■ Work task
Beginning at the line containing "72 Pack - Hammered" in the material below and ending at the line containing "AT-VALY Double Rod", return each line exactly and add nothing.

■ Data for the task
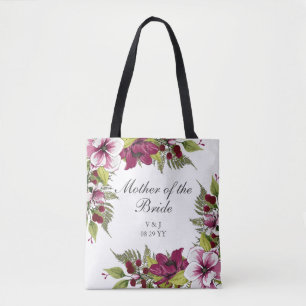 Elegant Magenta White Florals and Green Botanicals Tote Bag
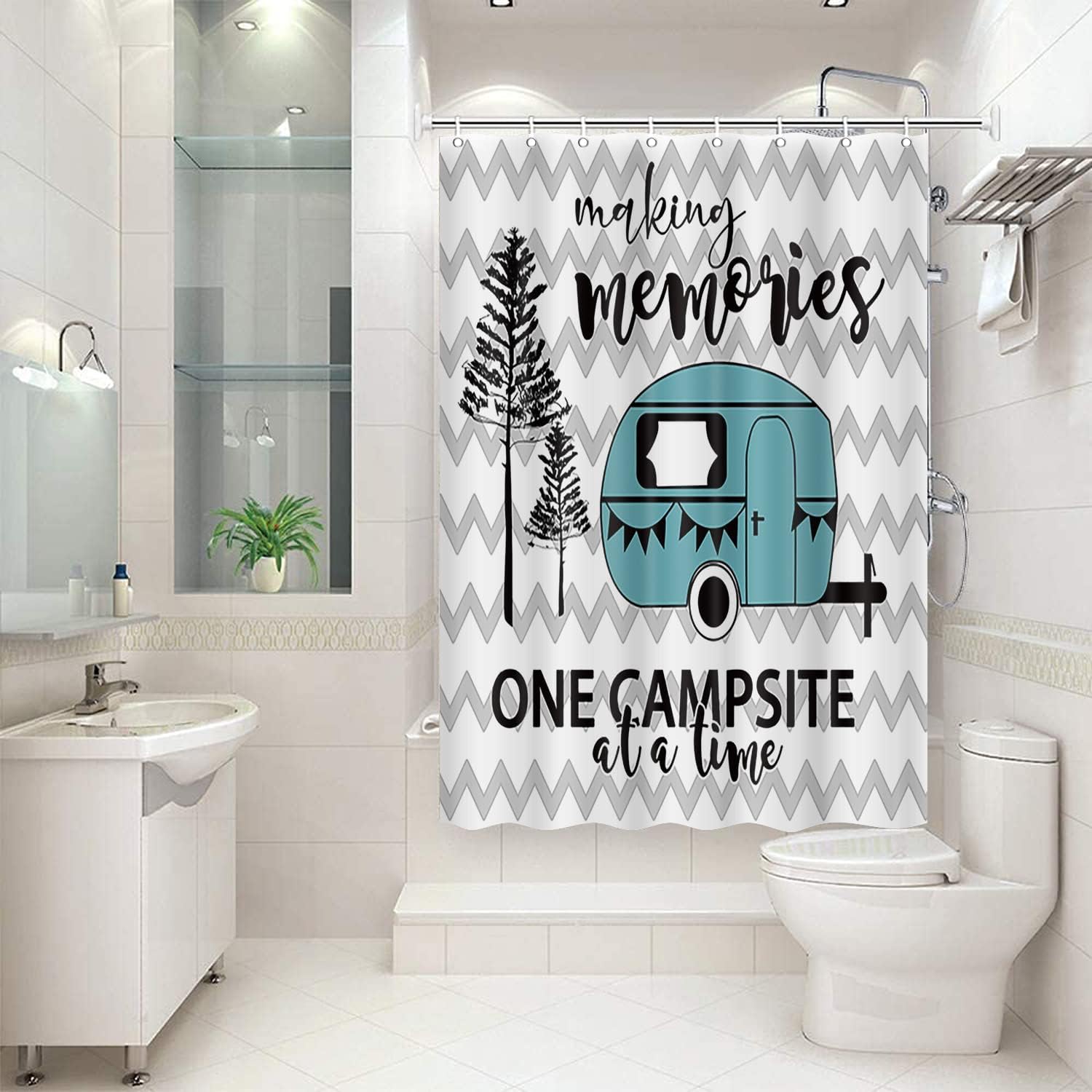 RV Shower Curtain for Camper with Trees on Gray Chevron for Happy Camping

--

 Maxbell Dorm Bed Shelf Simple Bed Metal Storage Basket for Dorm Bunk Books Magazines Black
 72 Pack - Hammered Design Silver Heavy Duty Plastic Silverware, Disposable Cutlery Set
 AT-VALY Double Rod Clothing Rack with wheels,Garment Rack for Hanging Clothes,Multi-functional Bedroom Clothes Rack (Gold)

■ Answer to this problem
 72 Pack - Hammered Design Silver Heavy Duty Plastic Silverware, Disposable Cutlery Set
 AT-VALY Double Rod Clothing Rack with wheels,Garment Rack for Hanging Clothes,Multi-functional Bedroom Clothes Rack (Gold)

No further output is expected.